Bill Gross, managing director of California-based Pacific Investment Management Co., told CNNfn that investors were faced with the prospect of a steadily recovering U.S. economy, which ultimately will revive inflation and undermine bonds.
Gross said PIMCO works on the premise "that we are in a reflationary economy -- that is, the U.S. government and the Federal Reserve are trying to reflate in order to relieve the burden of this high, crushing amount of debt."
Gross said he did not expect the Fed to raise interest rates for "at least another six months" until sufficient jobs have been created to remove some of the slack in the economy.

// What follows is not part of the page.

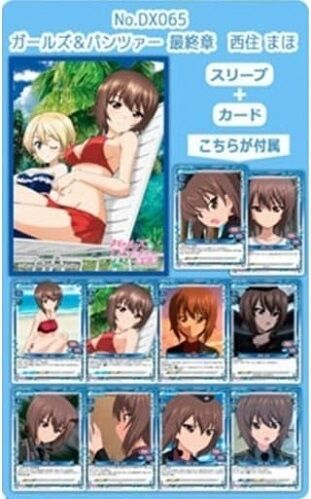 西住まほ きゃらスリーブコレクションデラックス 20221223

"If we get higher inflation, not in 2004 necessarily, but in 2005, 2006 or 2007, then you want to look for reflatable assets, in other words, commodities," Gross said.
"You want to look for bond investments that are protected against higher inflation, that being TIPS (Treasury Inflation-Protected Securities) ... and overseas in economies like euroland, or Germany and France and the like, who are following the same (reflationary) policy," he said.
The vast amount of debt the U.S. government must issue to plug the $500 billion hole in its finances could also make Treasuries a less attractive option, Gross said.
PIMCO manages over $300 billion in assets and specializes in fixed-income securities.
Gross said if the U.S. budget deficit is left to spiral, the obvious danger would be higher interest rates, which would not only slow economic recovery but stifle growth.
"If all of a sudden the cost of that (debt) goes higher as opposed to lower, then economic growth almost necessarily has to be affected," he said.
"That doesn't mean a recession, but it might mean that we have much slower growth than we're expecting."